I'm trying to build a program that applies a certain amount of operations on an image, one after another.
To boost performance i would like to reuse the memory output from the first operation as input for the second operation without reading the memory from the gpu memory.

For example operation1 has IMG1 as input and stores IMG1OUT as output, still in gpu memory.
Now i want to use that part of the memory as input for operation2, and so on until i did all my operations.

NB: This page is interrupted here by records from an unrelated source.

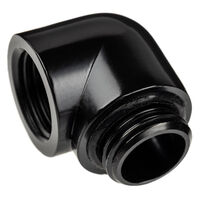 Alphacool Eisfrost Adapter 90 Degree G1/4 inch Male to G1/4 inch Female - Black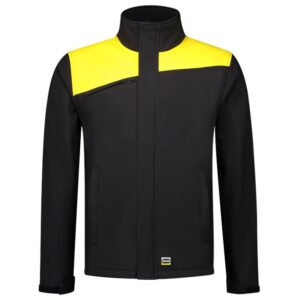 Softshell Bicolor Naden BlackYello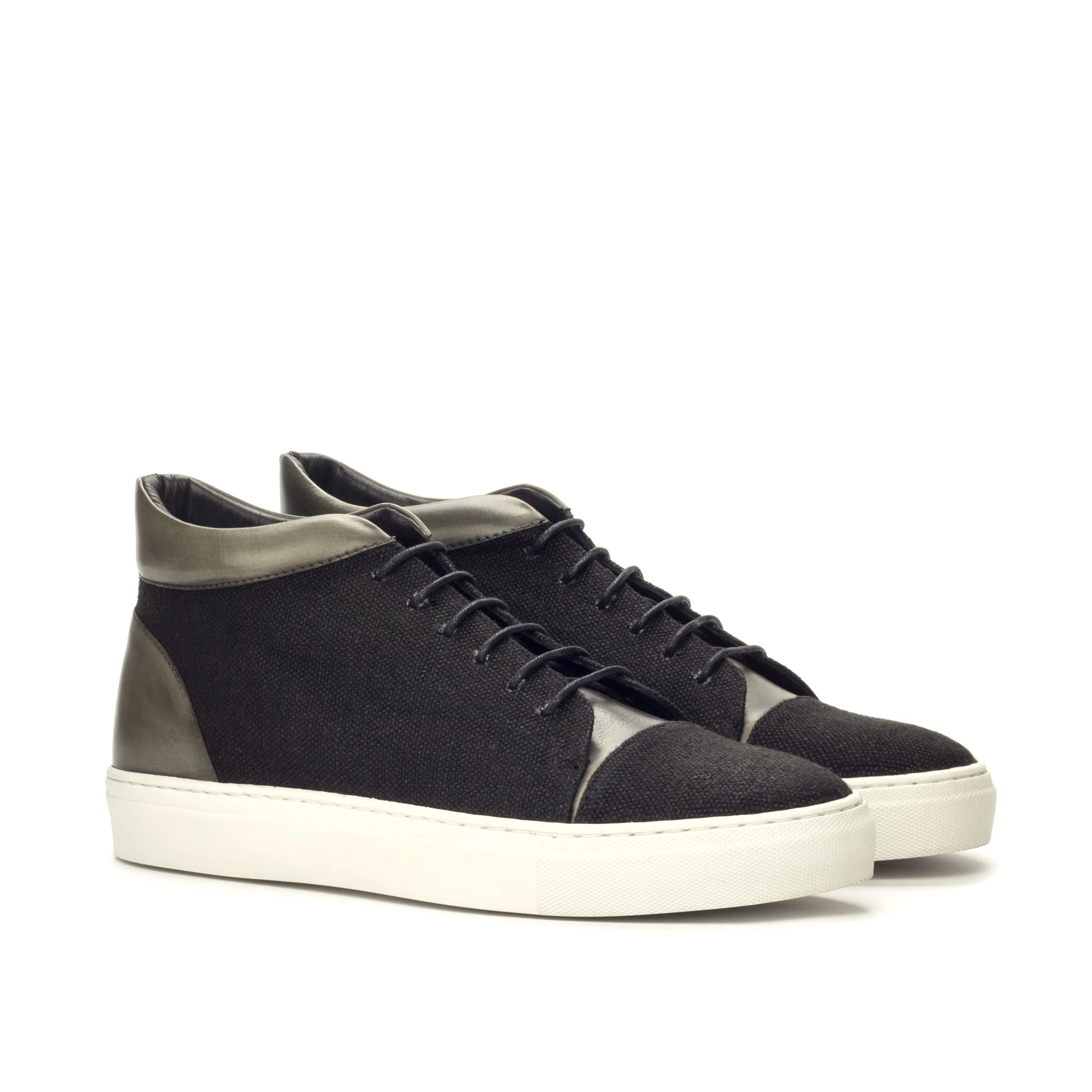 Vega high black high-top luxury bespoke shoes for men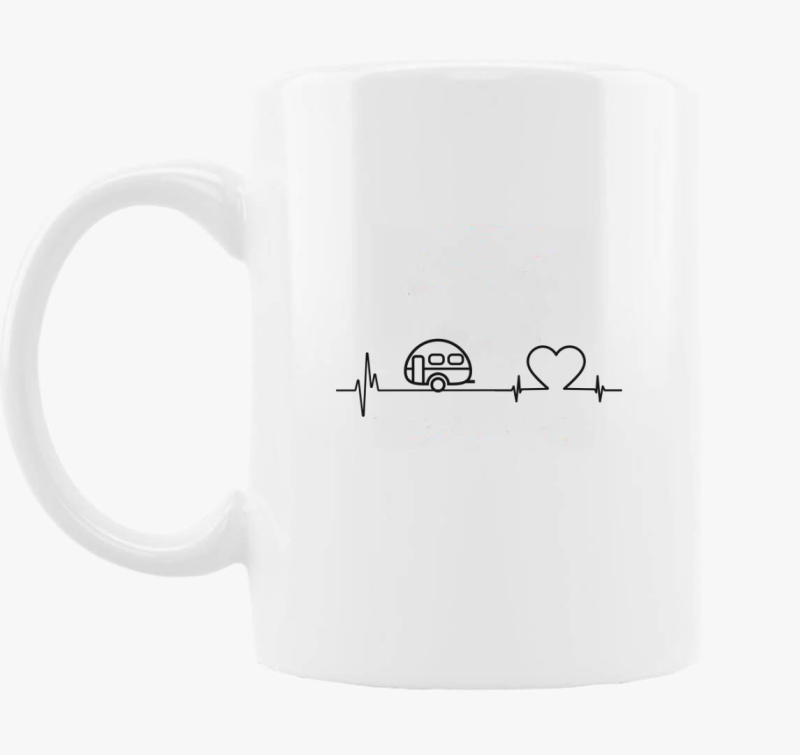 Szívdobbanás lakókocsi bögre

The problem i stumbled upon was an INVALID_KERNEL_ARG, i figured it out but do not know how to solve it:

To make the first input memory i use the following
Code :
memObject = clCreateImage2D(platform.getContext(), CL_MEM_READ_ONLY | CL_MEM_USE_HOST_PTR, new cl_image_format[]{imgformat}, width, height, width * Sizeof.cl_uint, Pointer.to(dataSrc), null);

As you can see the type of memory is set as READ_ONLY, while the output argument i give is WRITE_ONLY:
Code :
this.output = CL.clCreateImage2D(
                platform.getContext(), CL_MEM_WRITE_ONLY,
                new cl_image_format[]{imageFormat}, imgWidth[0], imgHeight[0],
                0, null, null);

The difference has to be made because of openCL specific stuff.. I read it somewhere

Anyway, how can I use the output immediately again as input for the next operatiion? It would be stupid to read the image back into a bufferedImage into my workmemory and the reallocate again on my gpu memory.
That's just more datatransfer then needed i think.

There has to be a way to change the read/write flags or something like that.
I hope you can help me